EC – Com a vitória de
Trump nos EUA e a ameaça de quase chegada ao poder de Marine Le Pen, da Frente
Nacional (de extrema direita) na França, como você avalia a política
contemporânea no mundo. O ridículo também está presente?
Marcia
– De fato, não estou falando de um fenômeno brasileiro apenas. A questão é
global, em todos os sentidos. Não foram os brasileiros que inventaram isso, mas
o Brasil nesse momento serve de exemplo. A Itália de Berlusconi, os EUA de
Trump impressionam, mas podemos buscar a aparição do fenômeno em vários outros
lugares. Trata-se de uma tendência dominante que tanto demonstra a falta de
criatividade em política, como um perigo de destruição generalizada dos valores
políticos conhecidos ate aqui.
EC – Você diz que
ninguém quer ocupar a posição ridícula, apesar de falar da instrumentalização
do ridículo na política. No Brasil nós temos os famosos candidatos folclóricos,
alguns, inclusive, com votações expressivas como o caso de Enéas Carneiro, candidato
três vezes à presidência da República (1989, 1994, 1998) que com o sua
agilidade de raciocínio e fala, além do famoso bordão “Meu nome é Enéas!, foi
eleito Deputado pelo estado de São
Paulo, com a maior votação já registrada no país para a Câmara Federal (mais de
1,57 milhão de votos). Votação, aliás, que quase foi batida por Tiririca,
também de São Paulo, que com o seu bordão “Pior que está não fica”. Eles estão
em que pé?
Marcia – Esse é justamente o paradoxo do
ridículo político, ninguém quer ser menosprezado por meio do ridículo, já que o
ridículo implica uma desvalorização. Ninguém quer essa marca, mas aquele que
ela assinala, adquire um valor. Isso não acontece ao natural, digamos assim. Os
exemplos trazidos por você são todos perfeitos. Nenhum desses cidadãos se
promoveu politicamente por meio do reconhecimento de algo como “competência” ou
capacidade. Nenhum deles representava nada de admirável, de nobre ou sublime,
digamos assim, muito menos de belo e verdadeiro, para usar termos antigos que
em momentos diversos da história humana designaram valores estéticos e morais.

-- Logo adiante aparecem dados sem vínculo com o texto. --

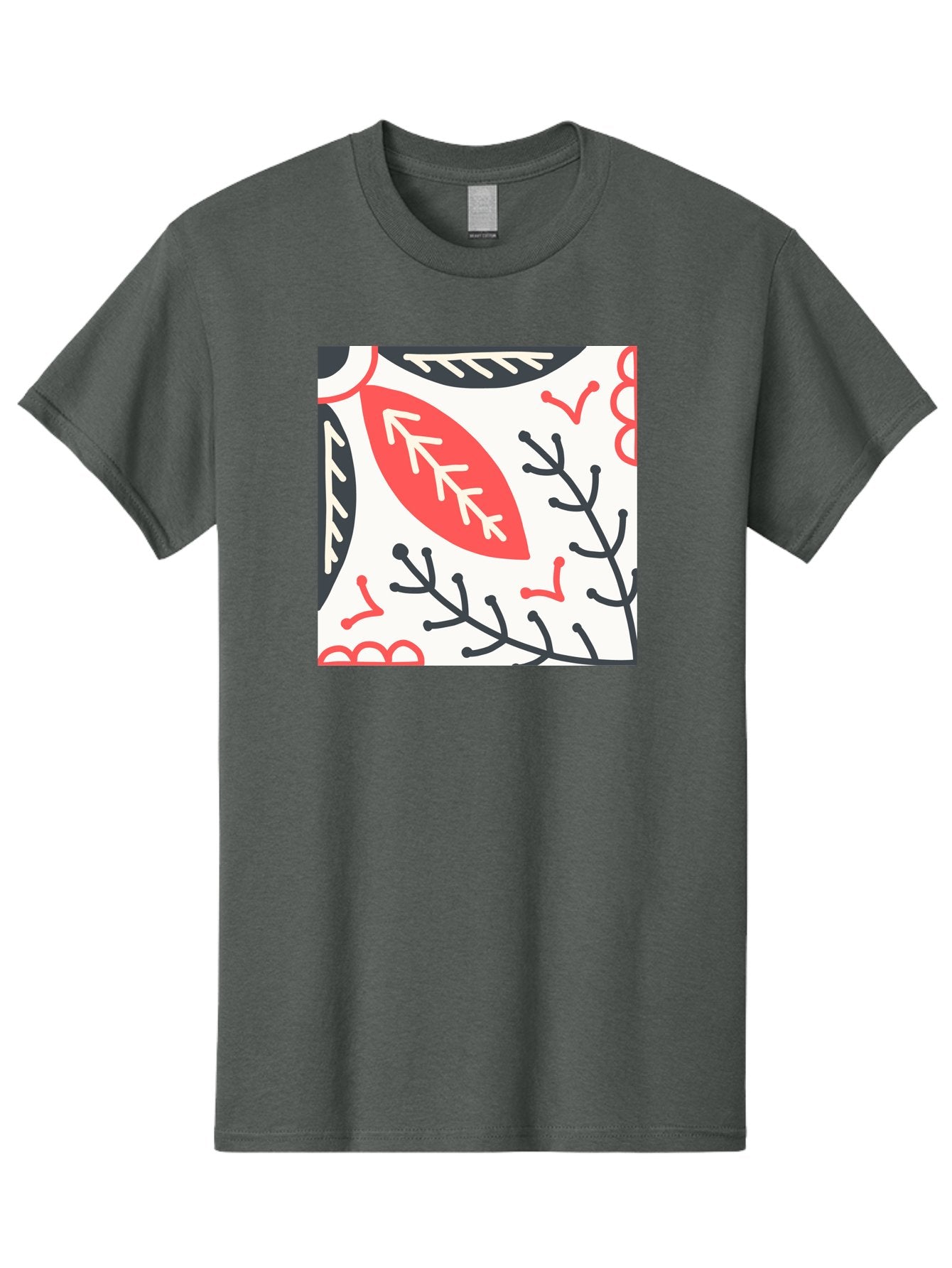 Foliage-Pattern Men'S Graphic Tee, 100% Cotton, Comfortable Casual Summer Wear, Machine Washable, Leaf Pattern, Floral Design, Botanical Art, Red And Black Leaves, Minimalist Style, Abstract Foliage, Decorative Elements, Modern Illustration Aab744 10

Todos foram votados porque apareceram como personagens histriônicos, imagens,
“personas”, no sentido de máscaras mesmo, com textos específicos, bordões,
clichês, falas prontas. Quem cresce e aparece é porque se torna personagem,
“figura”. Podemos citar candidatos eleitos em diversas cidades e estados pelo
país afora. Os agentes populistas mais canastrões estão por aí exercendo seus
governos de fachada. O que eu quero dizer com isso, não é que a política perdeu
o estilo, pois há personagens também no passado, mas que o “estilo” do momento
acoberta uma tremenda inconsistência política. Me refiro ao conhecimento, à
capacidade mesma de governar visando a complexidade de um país. Quando ouvimos
o discurso baseado em clichês, não estamos só diante de um ignorante que se
elegeu, mas estamos diante de um caso de ignorância que foi capturada para
efeito do poder. A ignorância tornou-se capital político, percebe?